Clad the walls and install the vent covers
- Pin corner mouldings around the perimeter of the ceiling and up the corners between the walls.
- Oil the bench timber on all faces with paraffin oil.
- Fix the benches in place by screwing through the bench frame and cladding into the load-bearing wall plates.
- Install the upper bench first, then the lower bench, then the step or raised floor (if present)
Install the benches
- Connect the plugs on the end of the ready-made lighting modules to the plugs on the ends of the wiring that was run earlier.
- Clip the modules into the plastic clips on the top of the back-rest and the underside of the front of the benches.
- Site the IP55 sealed enclosure on the wall, out of sight under the benches.
Install the IP55 enclosure
- Pull the mains feed and the low voltage wires from the lighting into the enclosure.
- Connect the mains supply to the live and neutral terminals on the driver.
- Connect the 12v output terminals on the driver to the corresponding positive and negative input terminals on the dimmer.
- Connect the low voltage wires from the lighting to the output of the dimmer. The white wire is positive and the black wire is negative.
- Use P-clips to keep cable routings neat and out of sight.
- Follow the manufacturer’s instructions enclosed in the packaging for how to correctly install and connect the sauna heater. Please note: DO NOT CONNECT ELECTRIC HEATERS ON AN RCD.
- Fix the heater guard in position once the heater is installed, connected and filled with stones.

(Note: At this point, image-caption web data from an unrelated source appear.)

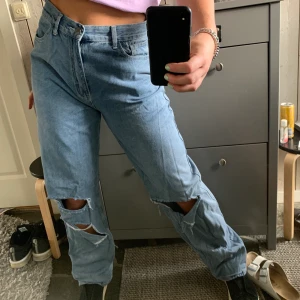 Jeans - Säljer pga för stora för mig! Dem är i bra sick. Sitter som dem från boohoo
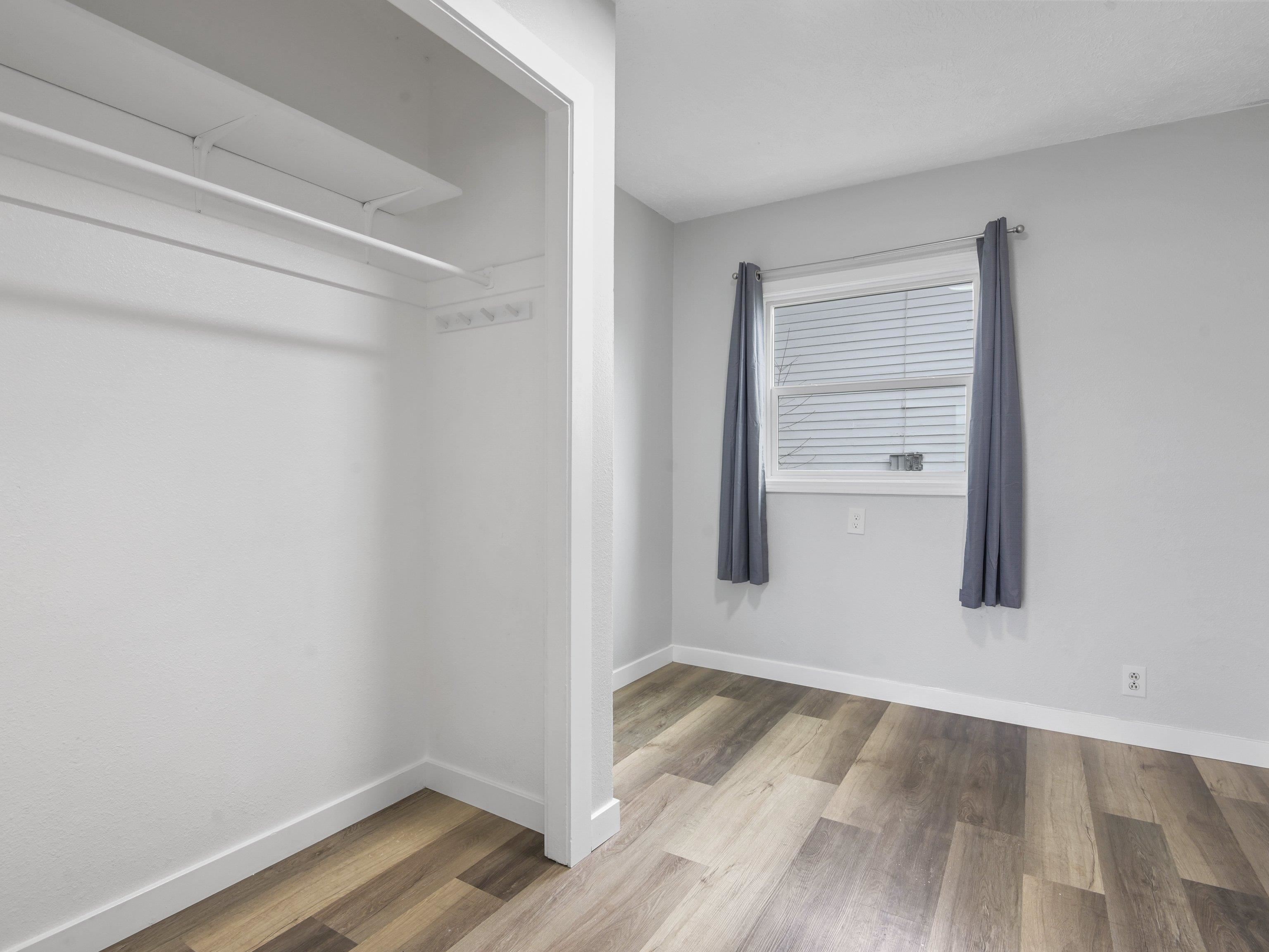 914 W Fairview Ave - Photo 9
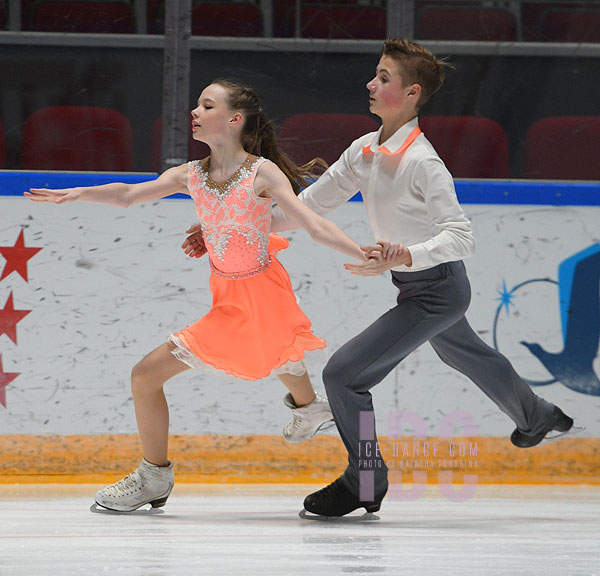 Varvara Snetkova & Vladislav Davydov
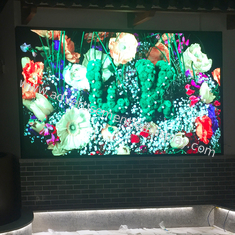 Display LED de publicidad interior duradero para uso a largo plazo en zonas de alto tráfico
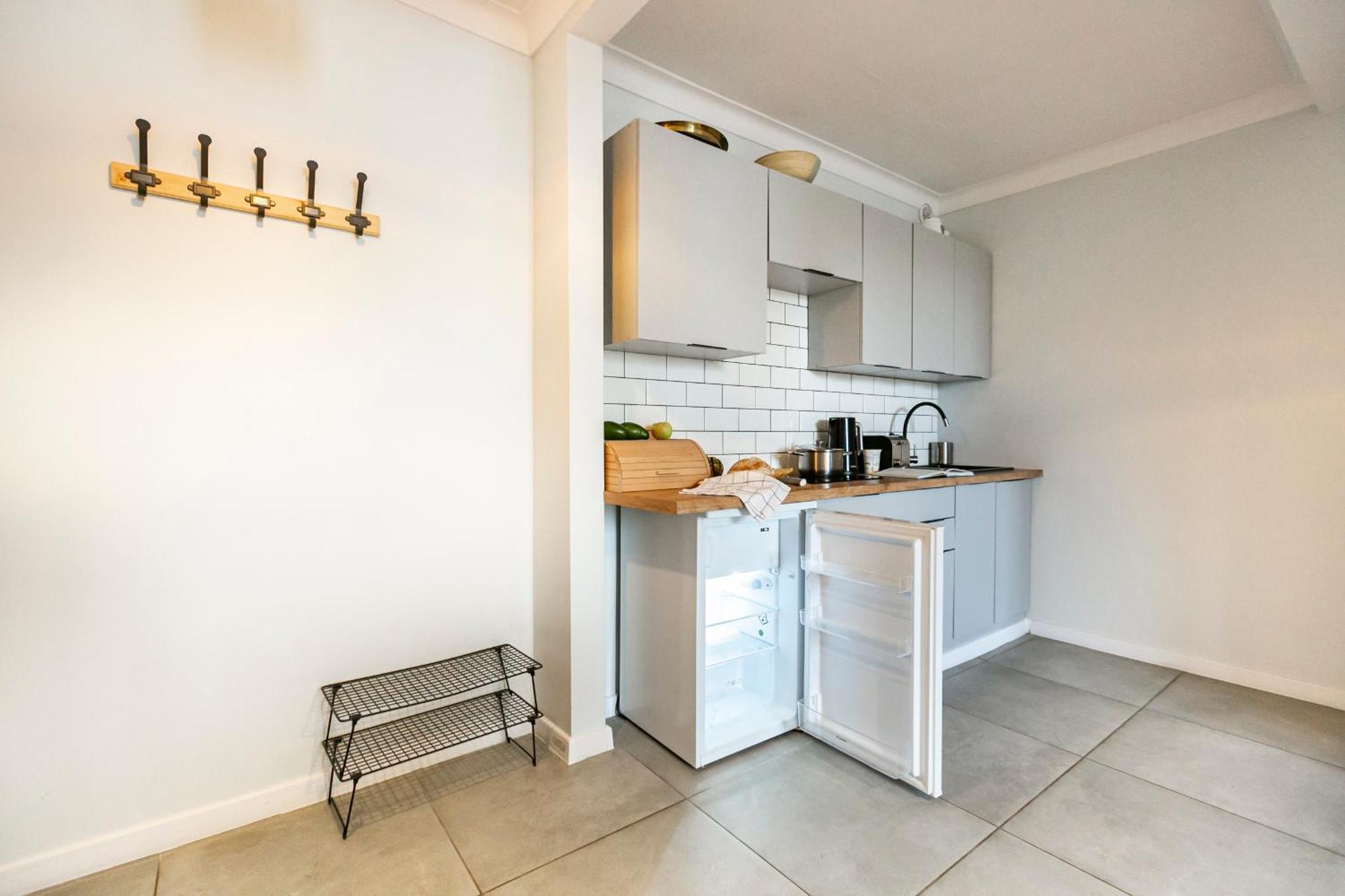 Nowogrodzka 78 - Apartament Dla 4 Osob - 200M Od Szpitala Klinicznego Na Lindleya - 1Km Do Dworca Centralnego - Wifi - Smart Tv 45 Cali Varsóvia Exterior foto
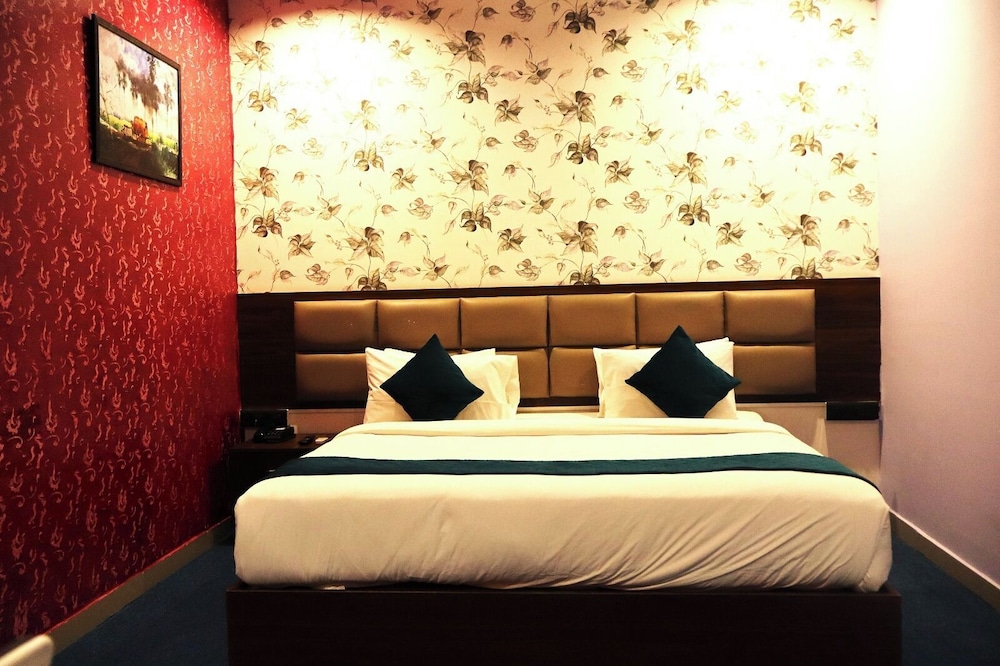 Premier Double Room - Photo 16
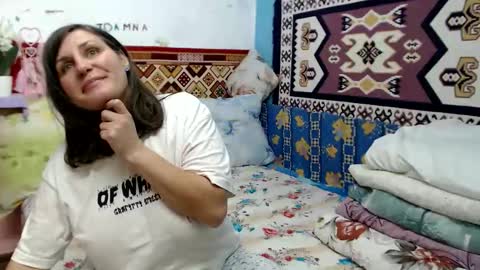 Snapshot of adelineblueeyes chatting on 7, 11, 2025 Larisa online show from 7, 11, 2025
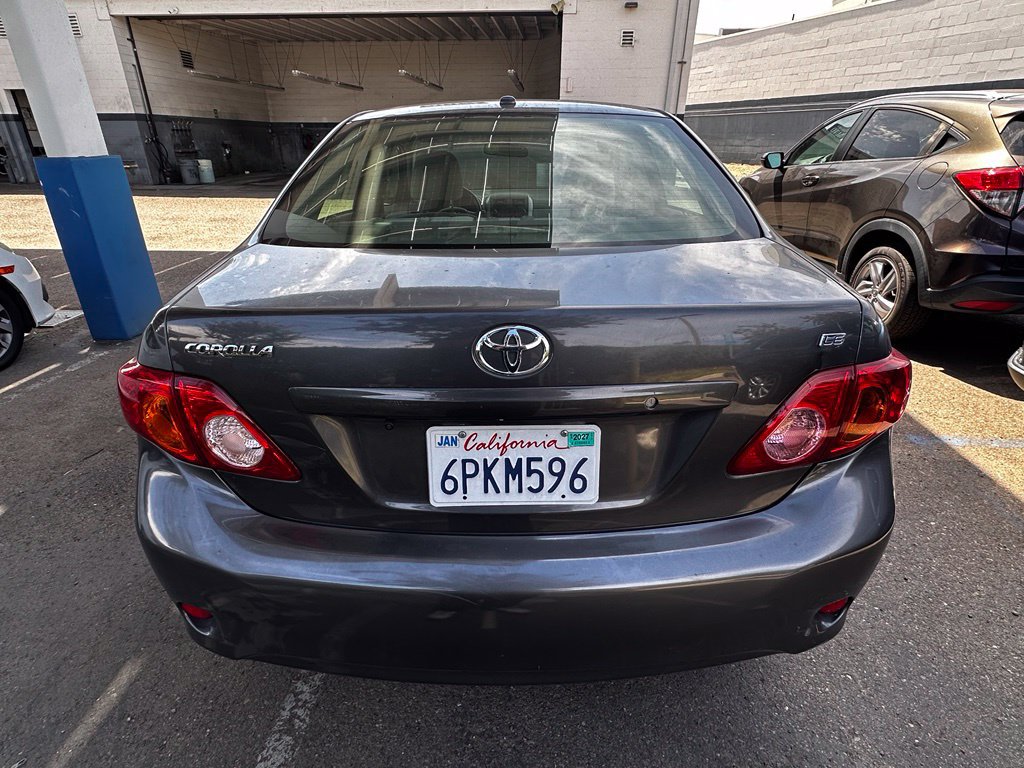 Used 2010 Toyota Corolla LE FWD image 18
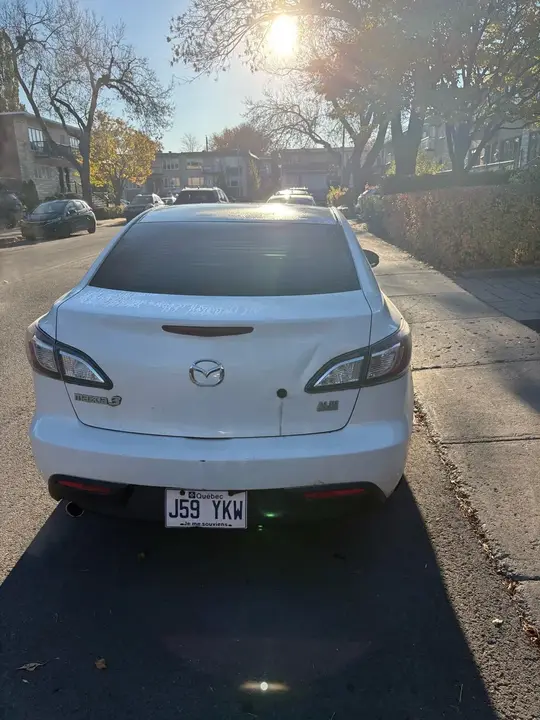 Mazda 3 2010 photo 4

Fix the heater and heater guard in position
- The heater is now ready to be turned on for its initial heating. This can be postponed until all work is finished in the sauna. When heating for the first time, be sure to open all windows and doors for plenty of ventilation whilst the heater burns off any residue.
- Offer up the door/frame to the opening in the wall. Chock and pack it out as required.
Install the door
- Once in position, screw the door frame through the recesses.
- Seal around the doorframe with general purpose silicone. Use expanding foam for larger gaps.
- Apply trim around the door frame to tidy the edges.